Among the lines below, output only those between the line holding "#milky #creamy #dairy" and the line holding "104 Edgewater Road Satsuma FL 32189", inclusive, exactly as written and with no pictures.

################

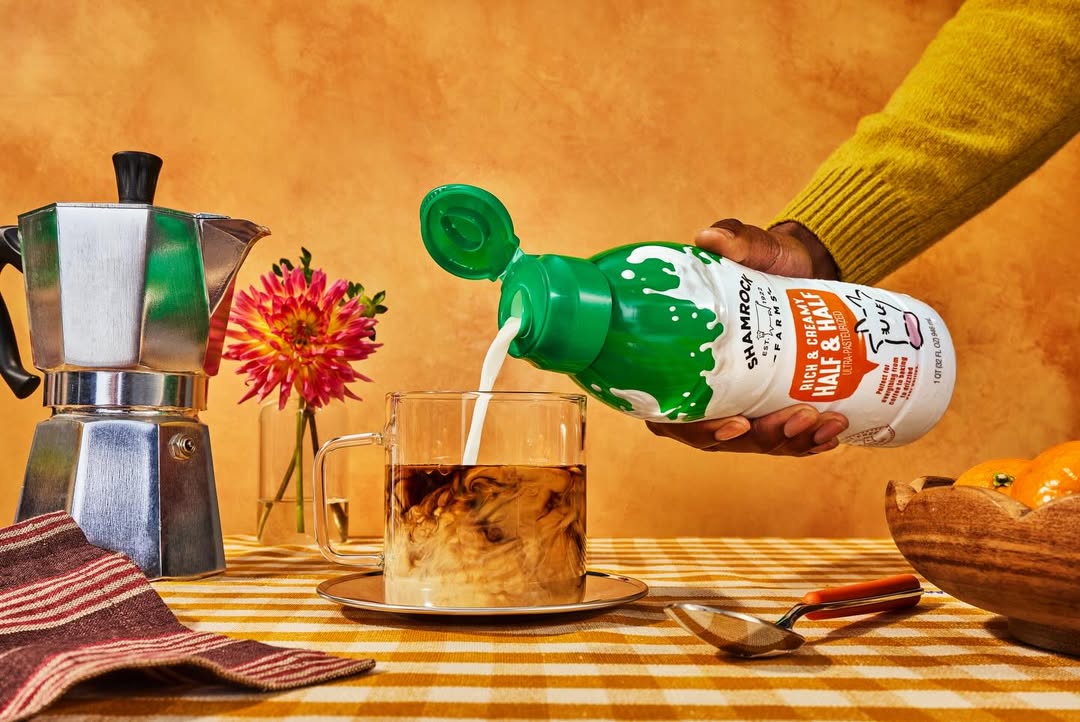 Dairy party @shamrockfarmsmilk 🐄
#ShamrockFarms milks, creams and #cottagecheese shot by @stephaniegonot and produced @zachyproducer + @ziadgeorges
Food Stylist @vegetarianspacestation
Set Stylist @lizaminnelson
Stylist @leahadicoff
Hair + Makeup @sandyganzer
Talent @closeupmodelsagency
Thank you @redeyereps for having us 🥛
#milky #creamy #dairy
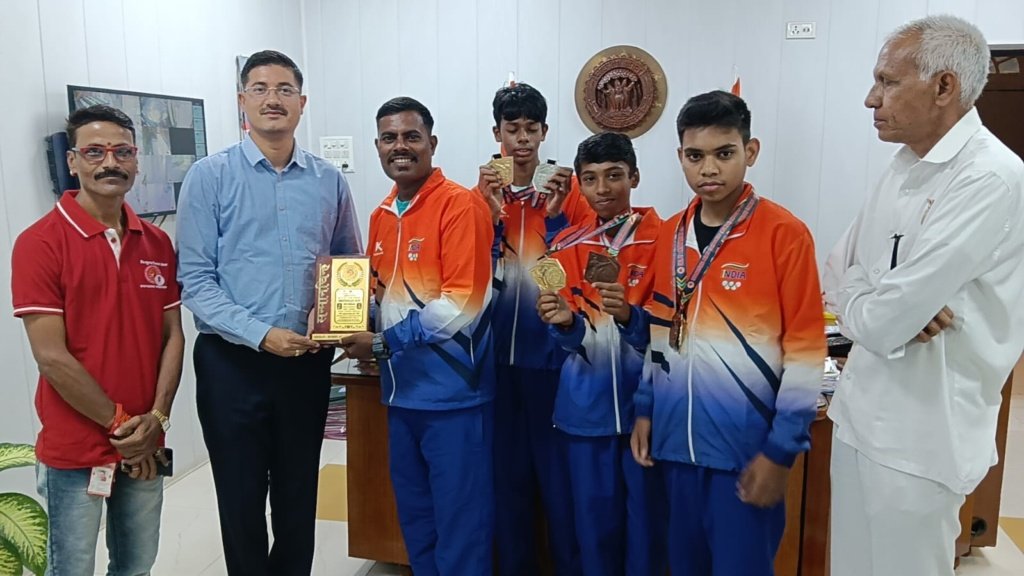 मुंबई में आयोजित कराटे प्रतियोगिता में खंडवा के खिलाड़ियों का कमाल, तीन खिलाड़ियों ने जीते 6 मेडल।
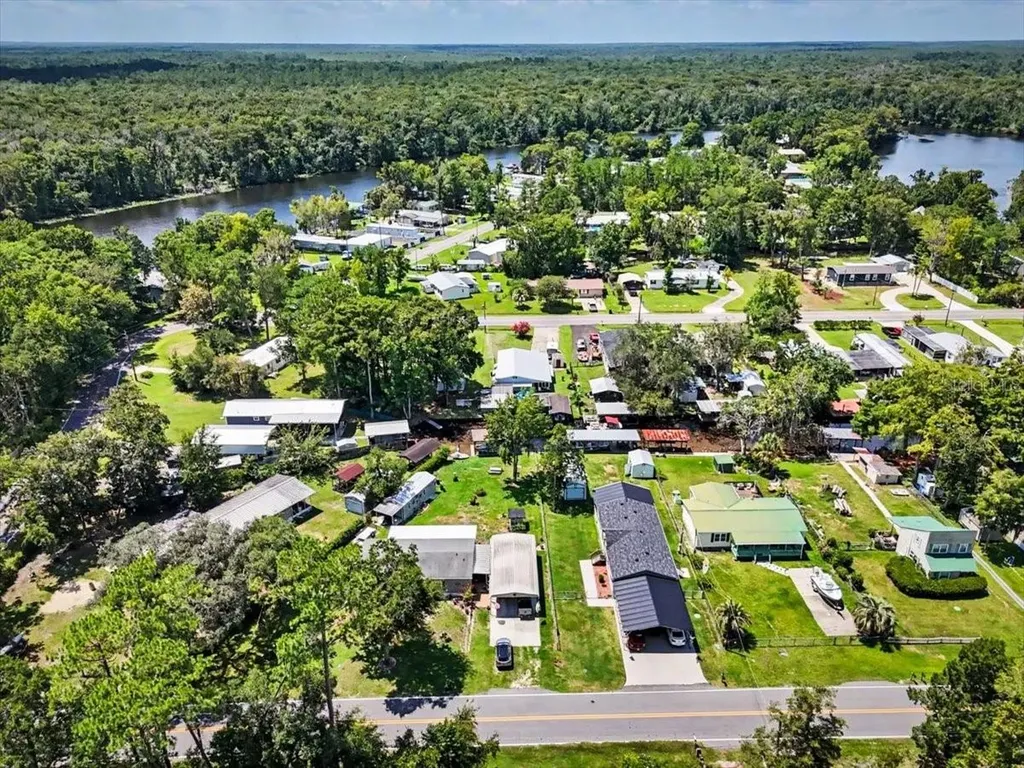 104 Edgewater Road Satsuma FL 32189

################

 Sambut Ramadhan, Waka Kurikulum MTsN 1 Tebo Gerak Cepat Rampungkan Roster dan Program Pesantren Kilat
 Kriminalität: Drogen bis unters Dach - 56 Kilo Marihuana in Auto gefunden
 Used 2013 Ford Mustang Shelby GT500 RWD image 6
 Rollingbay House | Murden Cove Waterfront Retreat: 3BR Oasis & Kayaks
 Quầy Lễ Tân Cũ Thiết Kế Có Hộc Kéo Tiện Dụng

################

• _RESULT OF THIS EXERCISE_:
#milky #creamy #dairy
 मुंबई में आयोजित कराटे प्रतियोगिता में खंडवा के खिलाड़ियों का कमाल, तीन खिलाड़ियों ने जीते 6 मेडल।
 104 Edgewater Road Satsuma FL 32189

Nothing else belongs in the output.